Amid the activity on the Ginetta stand at Autosport International, surrounded by his company’s cars, Lawrence Tomlinson is a man excited about the 2013 season.
Ginetta’s ‘ladder’ of single marque – if not single model – championships remains strong, with prospective customers flocking to the stand over the four day event. However, to the Ginetta Junior, GT Supercup and GT5 Challenge series the Yorkshire based company are adding to their activity this year, stepping up their involvement in the Avon Tyres British GT Championship while encouraging young drivers into motorsport through a new partnership with Easykart.
The excitement may simply be down to the fact that Tomlinson will return to the driving seat of the Ginetta G55 GT3 for a full season (or as full as business commitments allow) in British GT alongside Richard Sykes.
However, both the announcement of the works GT team and the Easykart partnership add further rungs to the Ginetta ladder in British racing that Tomlinson and Ginetta have worked so hard to make a success.

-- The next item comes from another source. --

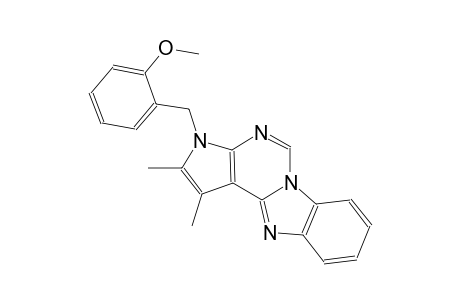3H-pyrrolo[2',3':4,5]pyrimido[1,6-a]benzimidazole, 3-[(2-methoxyphenyl)methyl]-1,2-dimethyl-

It’s hard to disagree with them, with drivers progressing through the Junior and Supercup series that share the TOCA package with the BTCC and now looking at progressing into endurance racing in the British GT Championship. Proof, if any where needed is provided by GT Supercup stalwarts Tom Sharp and Colin White joining forces as IDL Racing with CWS and entering British GT with a G55 GT3.
Especially if a number of off-season developments aimed at treating an reliability Achilles Heal that was arrowed all too often in races during 2012 the GT3 adds a top rung onto the ladder, Sharp and White the first to test the theory.

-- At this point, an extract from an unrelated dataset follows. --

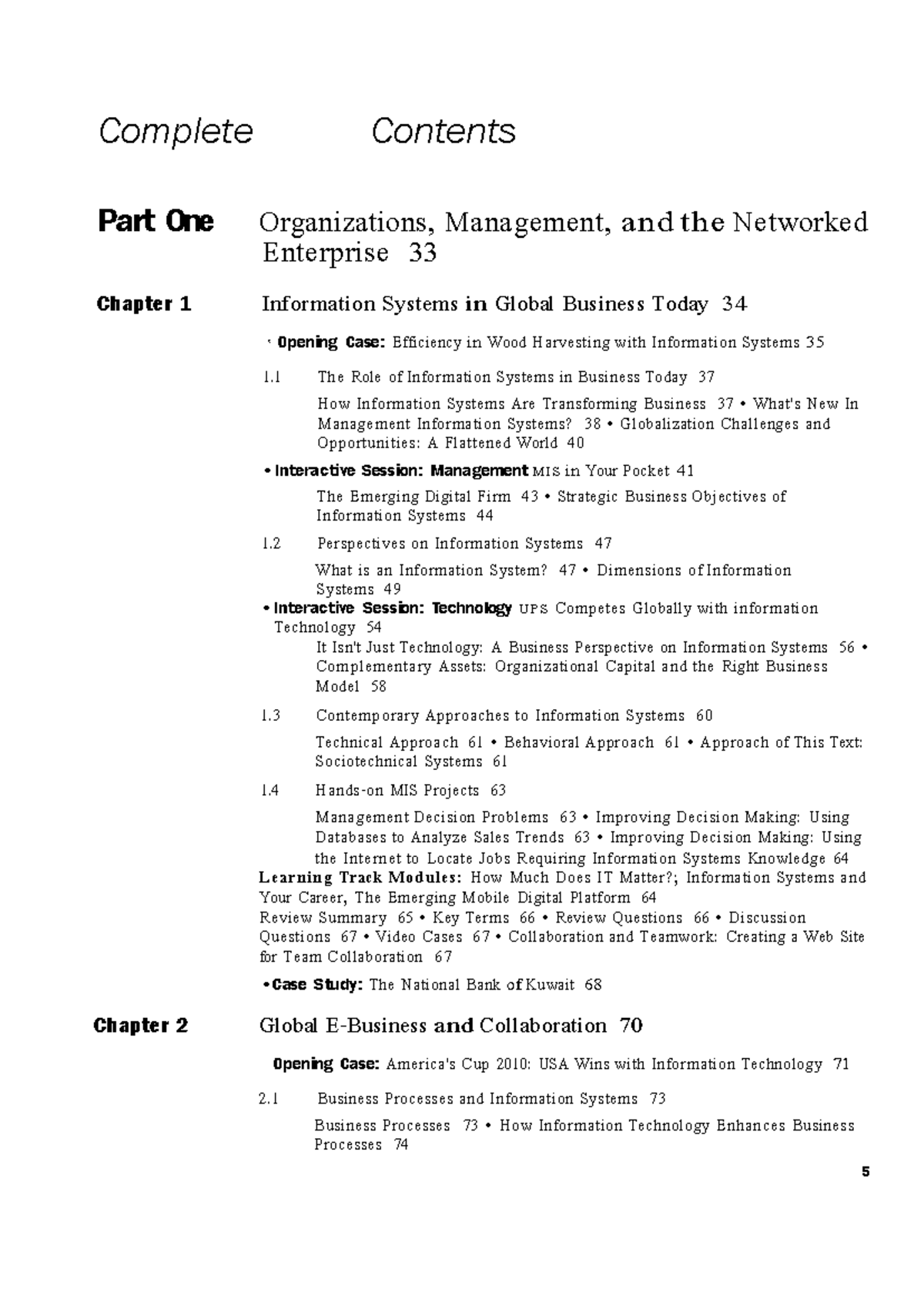 Management Information Systems (MIS) Overview: Chapter 1 Insights - Studocu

“It’s just proves the Ginetta ladder,” Tomlinson says, “people coming in from junior motorsport up in to G50, G55’s and actually missing out GT4 and going straight into GT3.”

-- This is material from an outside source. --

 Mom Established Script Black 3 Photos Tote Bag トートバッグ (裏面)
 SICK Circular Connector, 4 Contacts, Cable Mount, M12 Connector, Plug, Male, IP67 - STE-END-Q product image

Tomlinson also points out that the ladder not only caters for ‘career’ drivers progressing up the series, but for gentleman drivers, a fact important as the latest step in the ladder takes Ginetta into a series where the Pro-Am make-up of driver combinations is help aloft as a selling point. He puts forward the case of his own new teammate for the season.
“He came to watch me race at Le Mans in 2006, he then brought a G20 – several G20s – and ran those, ran in the G50s and then came back and did some G40 driving, drove in the Britcar 24 in a G40 and now he’s coming back into GT3 and I’ll think he’ll be a shining example of how a gentleman driver who’s very, very good can start from G20 and get up into GT3 it’s a fantastic example of the ladder.”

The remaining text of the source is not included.